In his time on Capitol Hill, Scott has managed to walk a careful line. He has criticized Donald Trump at times, including after Trump’s infamous “good people on both sides” remarks about the 2017 white supremacist rally in Charlottesville, Virginia, but also spoke at the 2020 Republican National Convention. He has built up the voting record of a traditional Republican in the Senate as a social and fiscal conservative with a hawkish foreign policy. However, Scott has been a leader of police and criminal justice reform efforts in the Senate as well, and he helped shepherd Trump’s criminal justice reform bill, the First Step Act, into law in 2018. Scott was also a leader of the unsuccessful efforts to pass federal police reform legislation in the aftermath of the death of George Floyd in 2020 when senators were unable to agree on a bipartisan bill. He also received some national attention for giving the televised response to Joe Biden’s first address to Congress in 2021.

The 57-year-old was raised by a single mother in Charleston and has long talked about how the mentorship from a local Chick-fil-A manager helped him become the first in his family to attend college. Scott eventually became an insurance salesman and was elected as a Republican to the Charleston County Council at the age of 29. After serving 15 years in local government, he was elected to the state House in 2008, where he served one term before mounting a bid for an open congressional seat two years later. Scott defeated the sons of both former Gov. Carroll Campbell and former Sen. Strom Thurmond in order to win his primary. He served two years in the House before his Senate appointment in 2013.

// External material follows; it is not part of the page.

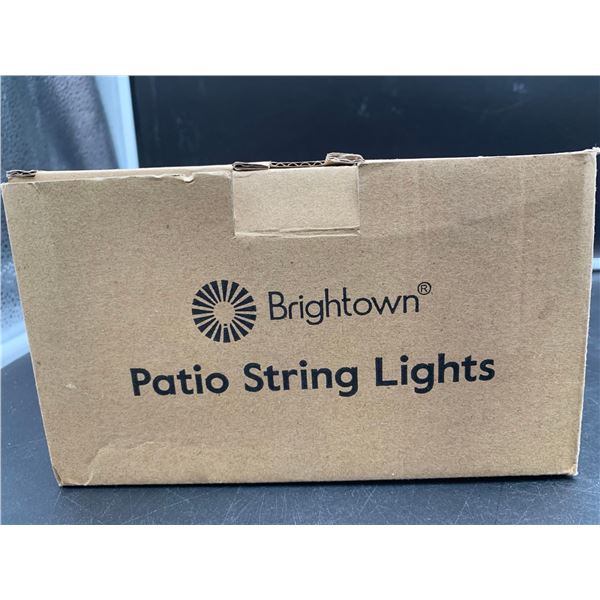 Brightown Patio String Lights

Scott enters the race as an afterthought in polling so far. He constantly polls around 1 percent — not just behind frontrunners like former President Donald Trump and Florida Governor Ron DeSantis, but behind more marginal candidates like Vivek Ramaswamy as well. However, he starts off with a huge financial advantage. He’ll be able to transfer $22 million from his Senate campaign account to start his presidential bid and is already consistently spending $6 million to go up on television in early primary states over the next few months. Scott also will be able to rely on a well-financed super PAC backed by major donors like Oracle founder Larry Ellison.

Scott is not the only candidate from his home state of South Carolina in the field. The state’s former Governor Nikki Haley is also running and poised to divide support in the Palmetto State, which holds the first in the south primary.

Although not running as an explicit Never Trumper, Scott’s path to success involves building a coalition of factions in the GOP that have been the most skeptical of Trump, including both traditional establishment and evangelical social conservatives. Scott will pitch his stall to those voters who, like him, voted for Donald Trump but remained traditional Republicans with no patience for the former President’s election denialism (but still very supportive of his foreign policy and tax cuts).

Scott is well thought of by his Senate colleagues. John Thune of South Dakota, the number two Republican in the Senate, will appear with Scott to endorse him on Monday. Thune’s fellow South Dakotan, Mike Rounds, has already endorsed Scott — and another former colleague, Cory Gardner of Colorado, is helping to lead the designed super PAC supporting Scott’s campaign.

Following his announcement, Scott is expected to travel to both Iowa and New Hampshire where he already has a campaign presence on the ground. The South Carolina senator has made frequent visits to both early states over the past few months.